Estas calles llevan meses en remodelación, el Jardín del Arte aún se mantiene cerrado. Sadi Carnot y James Sullivan, una esquina de la que se ha adueñado el hampa. No es la primera vez que el edificio de Sullivan 39 sirve a los artistas para realizar experimentos. A principios de los remotos años 70, el mismo lugar albergó al Centro Libre de Experimentación Teatral y Artística (Cleta). En ese tiempo, un grupo de enjundiosos artistas, ante la ausencia de foros independientes (así se decía entonces y creo que aún se dice), asaltó el Teatro Isabelino, que era parcela del dramaturgo Héctor Azar y se quedó a vivir allí más de 10 años.

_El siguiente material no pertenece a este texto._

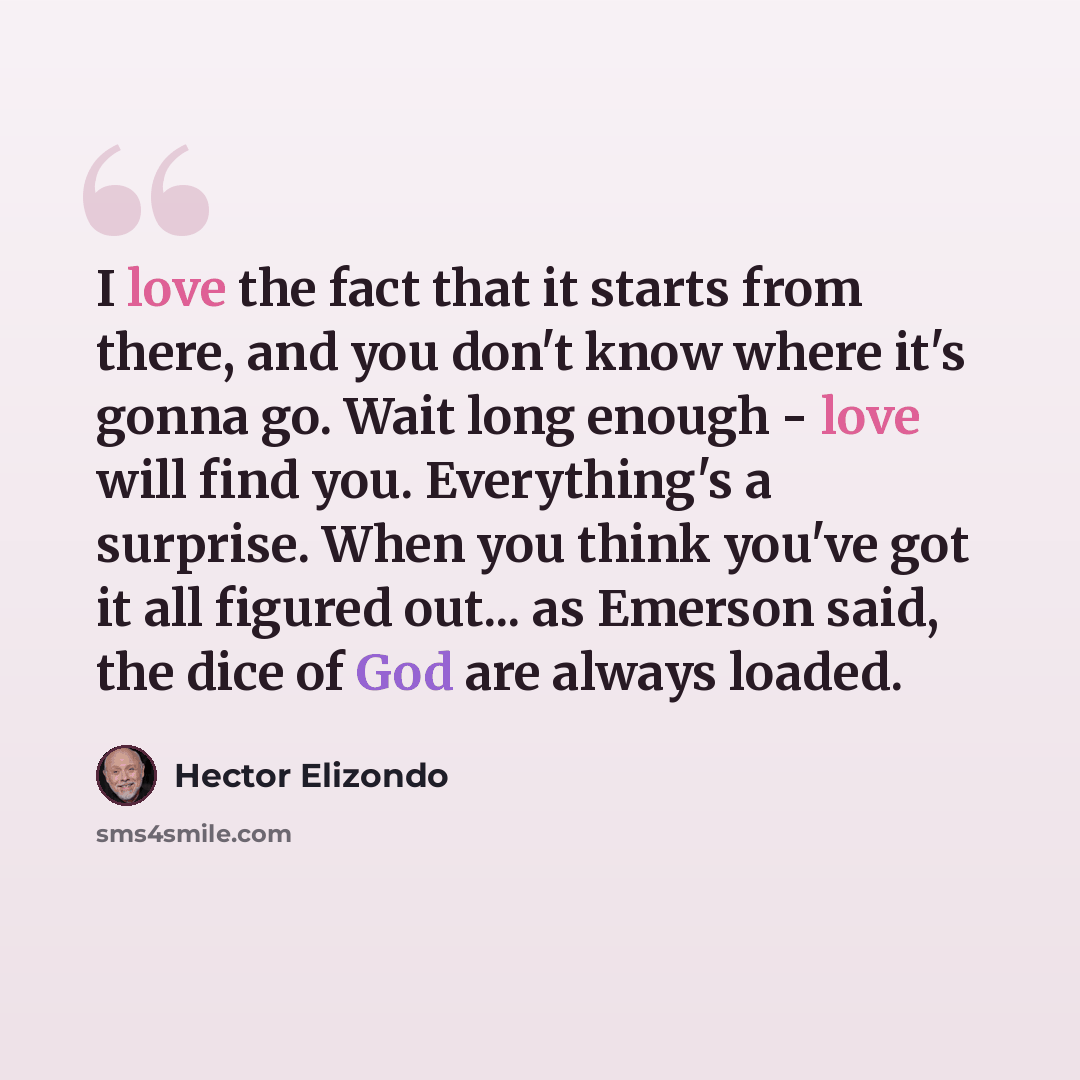 “I love the fact that it starts from there, and you don't know where it's gonna go. Wait long enough - love will find you. Everything's a surprise. When you think you've got it all figured out... as Emerson said, the dice of God are always loaded.” quote by Hector Elizondo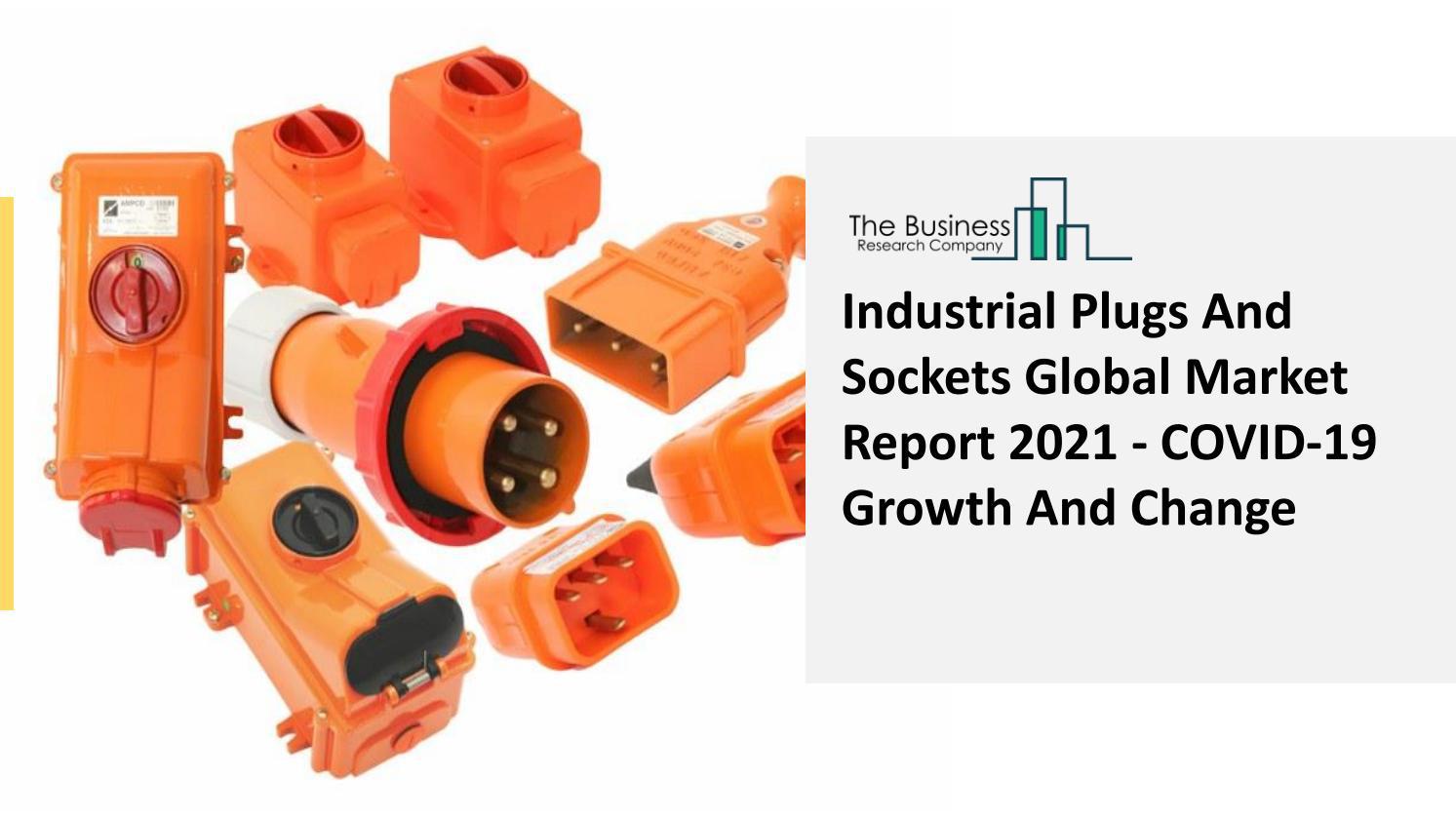 Industrial Plugs And Sockets Market Report Global Opportunity Analysis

Cleta fue todo a la vez: hotel de paso, consultorio de psicoanalistas salvajes, cuartel general del activismo de la izquierda de esos años, teatro comprometido para el pueblo (creo que así se decía entonces), restorán, guardería, club
swinger, iglesia con capilla y todo, donde se adoró a Mao, Marx, Stalin, Lenin, Lunacharsky. Esto lo sé de buena fuente. La fuente soy yo, que dormí en los camerinos más de una vez.

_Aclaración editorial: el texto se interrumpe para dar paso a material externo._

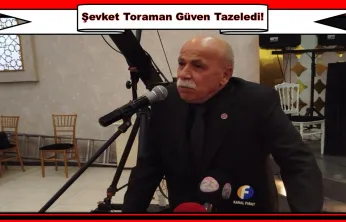 Şevket Toraman Güven Tazeledi!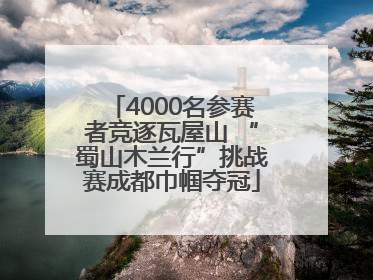 4000名参赛者竞逐瓦屋山 “蜀山木兰行”挑战赛成都巾帼夺冠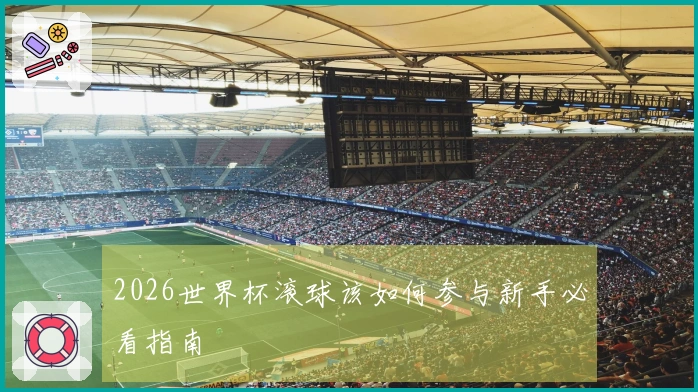2026世界杯滚球该如何参与新手必看指南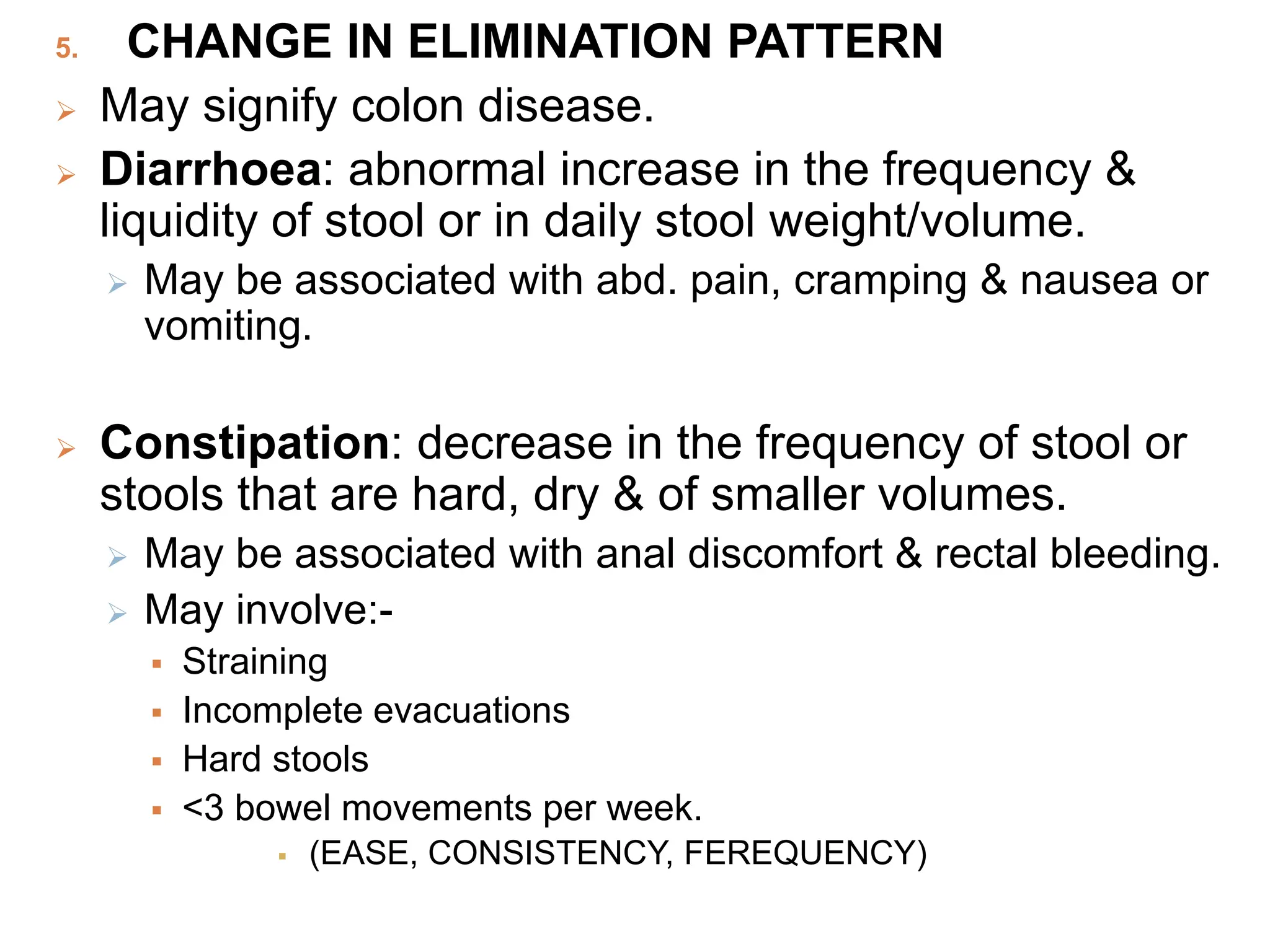 5. CHANGE IN ELIMINATION PATTERN
 May signify colon disease.
 Diarrhoea: abnormal increase in the frequency &
liquidity of stool or in daily stool weight/volume.
 May be associated with abd. pain, cramping & nausea or
vomiting.
 Constipation: decrease in the frequency of stool or
stools that are hard, dry & of smaller volumes.
 May be associated with anal discomfort & rectal bleeding.
 May involve:-
 Straining
 Incomplete evacuations
 Hard stools
 <3 bowel movements per week.
 (EASE, CONSISTENCY, FEREQUENCY)
 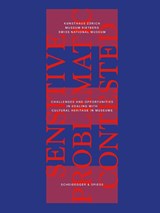 Sensitive, Problematic, Contested - Kunsthaus Zurich ; Museum Rietberg Zurich ; Swiss National Museum - 9783039423170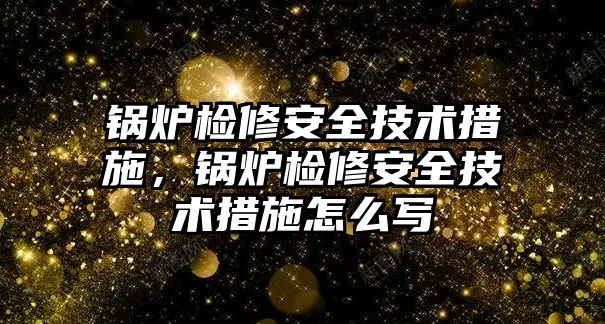 鍋爐檢修安全技術措施，鍋爐檢修安全技術措施怎么寫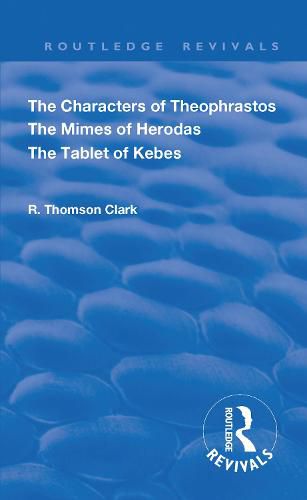 Cover image for The Characters of Theophrastos The Mimes of Herodas The Tablet of Kebes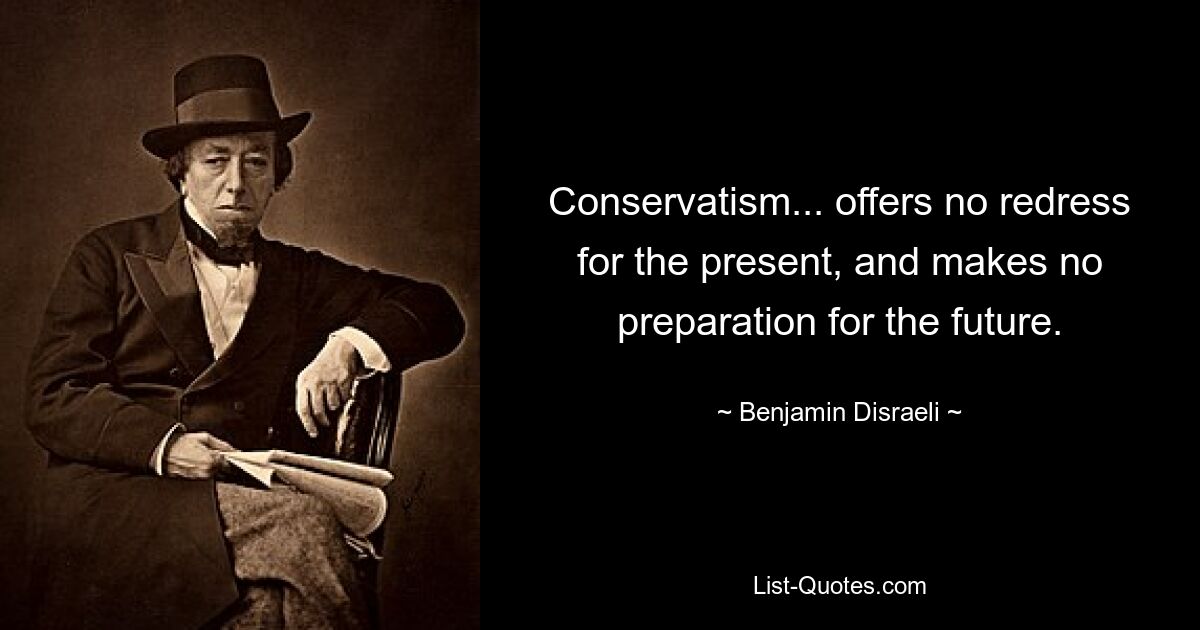 Conservatism... offers no redress for the present, and makes no preparation for the future. — © Benjamin Disraeli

Hace calor. Una o dos veces a la semana, Reforma e Insurgentes son tomadas por contingentes de todos los colores y sabores. Recordé de nuevo la obra de teatro llamada
Máquinasyburgueses, que logró en cartelera más de 20 semanas de éxito en Cleta. La obra se proponía repasar con las armas de la actuación (Meyerhold era lo nuestro) la comunidad primitiva, el feudalismo, el capitalismo, el socialismo y el comunismo, ni más ni menos.

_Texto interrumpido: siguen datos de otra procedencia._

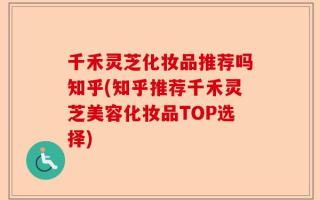千禾灵芝化妆品推荐吗知乎(知乎推荐千禾灵芝美容化妆品TOP选择)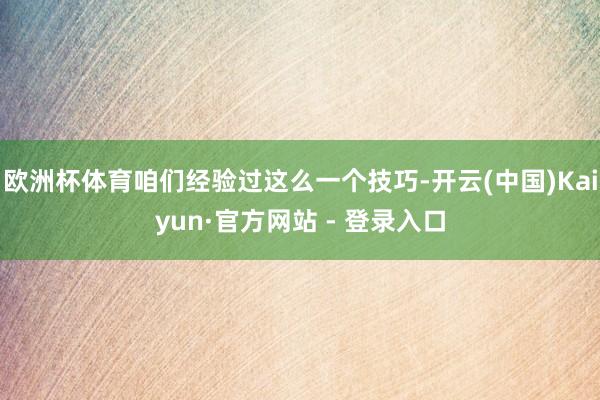 欧洲杯体育咱们经验过这么一个技巧-开云(中国)Kaiyun·官方网站 - 登录入口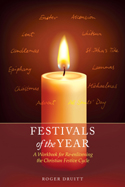 Image for <B>Festivals of the Year </B><I> A Workbook for Re-enlivening the Christian Festive Cycle</I>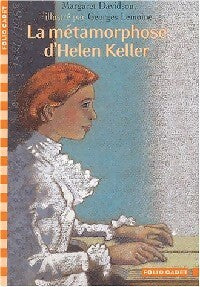 La métamorphose d'Helen Keller - Margaret Davidson -  Folio Cadet - Livre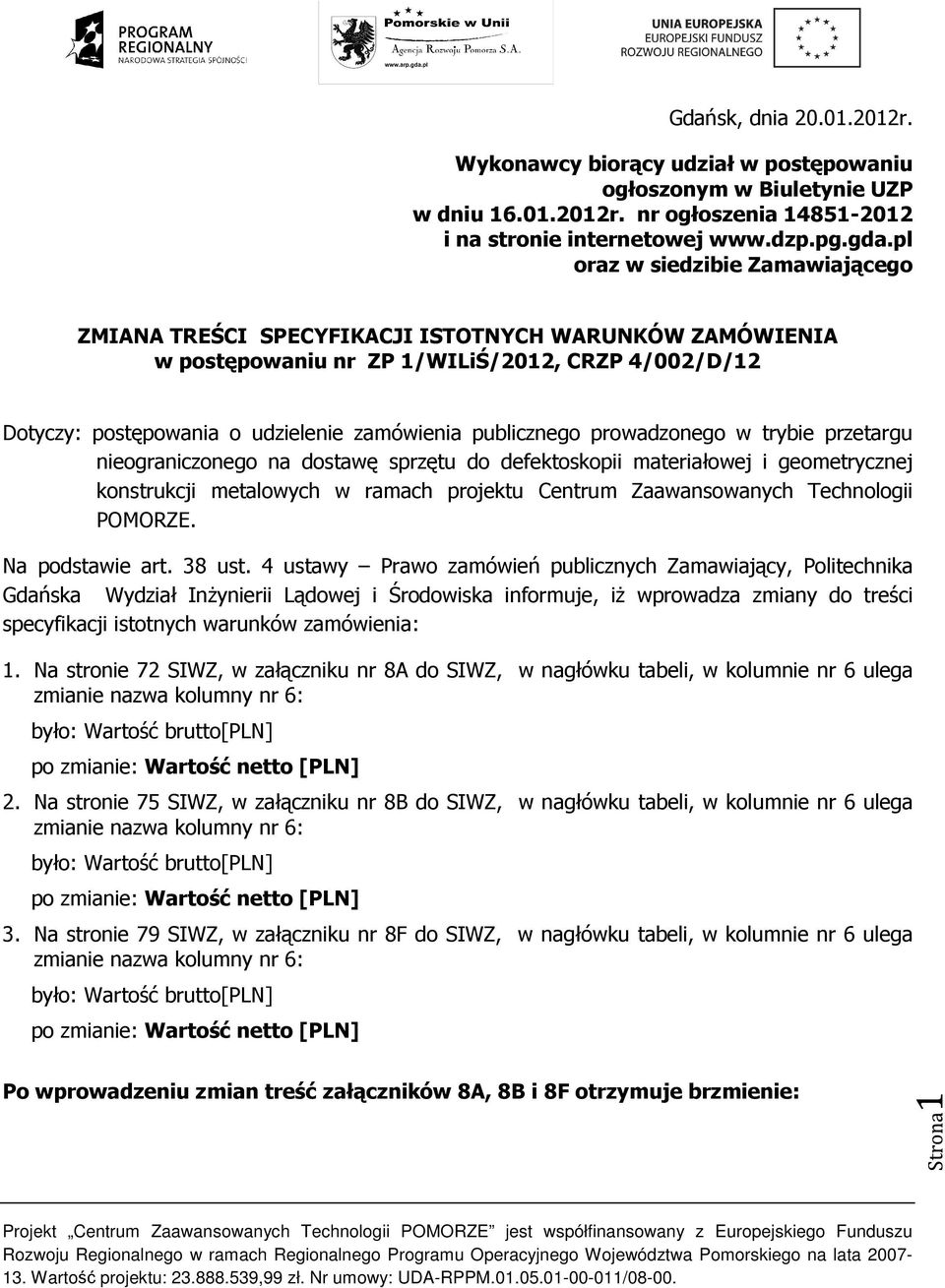 prowadzonego w trybie przetargu nieograniczonego na dostawę sprzętu do defektoskopii materiałowej i geometrycznej konstrukcji metalowych w ramach projektu Centrum Zaawansowanych Technologii POMORZE.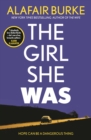 The Girl She Was : 'I absolutely love Alafair Burke – she's one of my favourite authors.' Karin Slaughter - Book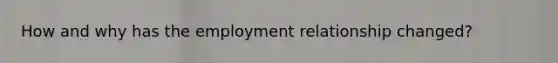 How and why has the employment relationship changed?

Yo fui responsable de darle vida a tres personajes (se dice fácil): un rey francés homosexual por el que recibí felicitaciones de la crítica; un fisiócrata cuyo momento culminante consistía en pronunciar, ayudado por el acento francés, una frase que nos parecía una ofensa terrible contra el proletariado: laissez
faire, laissez passer. Para arrancarle el alma al personaje, me tenía que pintar el pelo de blanco, poner una nariz con lentes y vestir un traje gris comprado en Tepito. El tercer papel me emocionaba: un obrero de la Revolución Industrial en Inglaterra, enajenado. Al final de la obra nos revelábamos, llamábamos a la revolución y entonábamos una canción. Qué barbaridad.